The problem.
Repeat the data word for word and skip the pictures.

Exercise data.
***

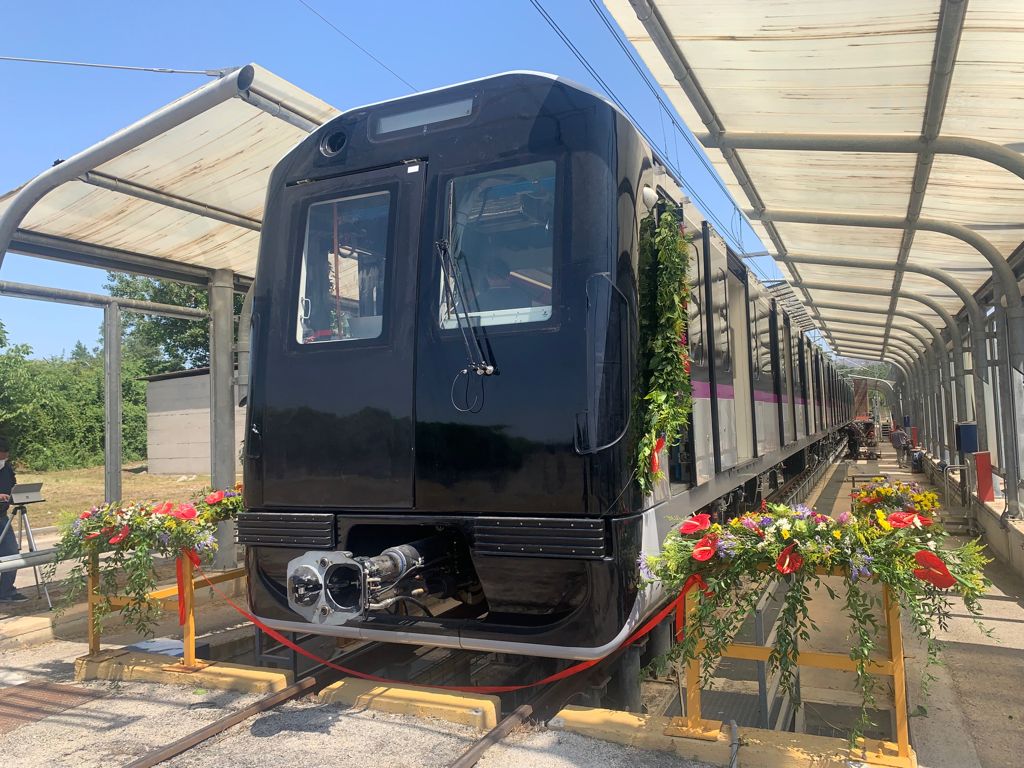 India’s lightest metro trainset for Pune unveiled in Italy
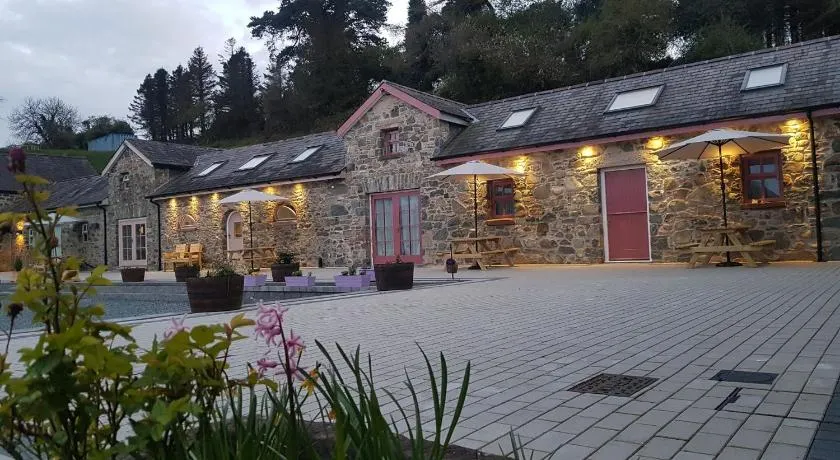 Magical 3-Bed Stone Built Cottage - Sleeps 6 - Image 1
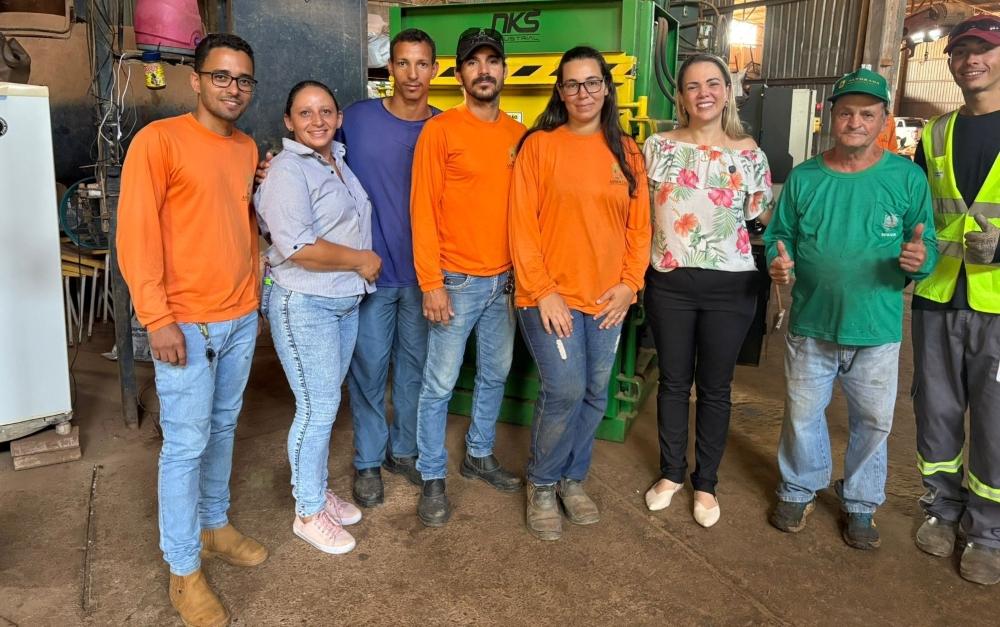 Associação de catadores de Cerejeiras recebe prensa hidráulica com apoio de Cláudia de Jesus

***

Exercise result.
 India’s lightest metro trainset for Pune unveiled in Italy
 Magical 3-Bed Stone Built Cottage - Sleeps 6 - Image 1
 Associação de catadores de Cerejeiras recebe prensa hidráulica com apoio de Cláudia de Jesus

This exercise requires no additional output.